Goal of the exercise: Reproduce the entries below exactly, but only from the line containing "ベトナムの子ども。筆者撮影、ハノイ市。" to the line containing "Treppe zum DG Hinterhaus WE rechts", inclusive.

Listed entries:
== Segment start ==
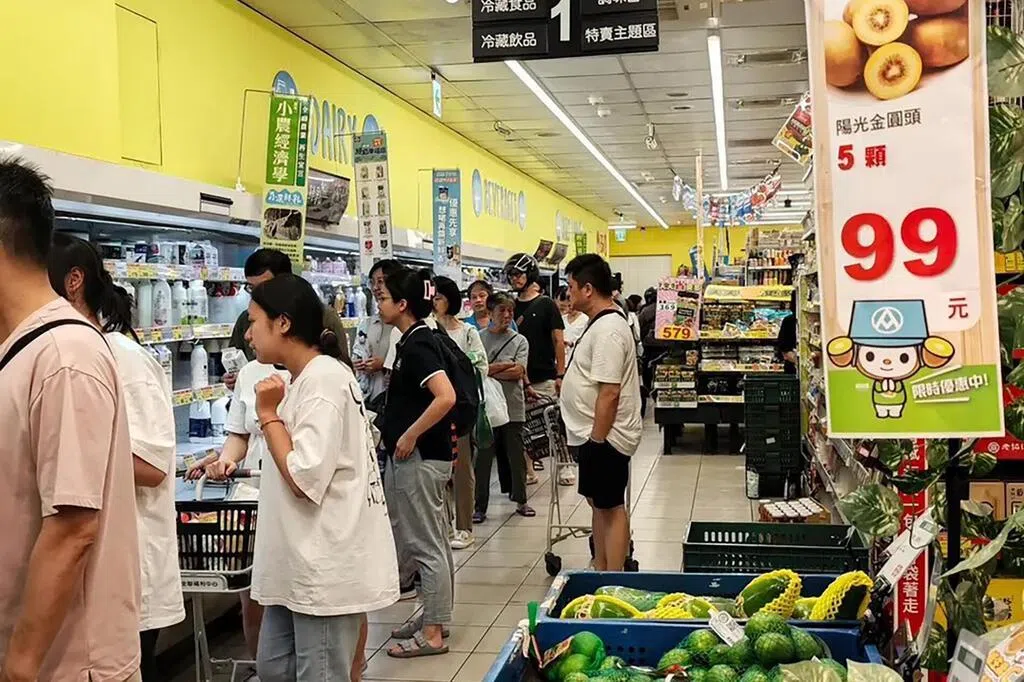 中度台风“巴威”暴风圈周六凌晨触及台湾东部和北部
== Segment end ==
== Segment start ==
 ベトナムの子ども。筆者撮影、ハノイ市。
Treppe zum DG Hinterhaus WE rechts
== Segment end ==
Final answer:
 ベトナムの子ども。筆者撮影、ハノイ市。
Treppe zum DG Hinterhaus WE rechts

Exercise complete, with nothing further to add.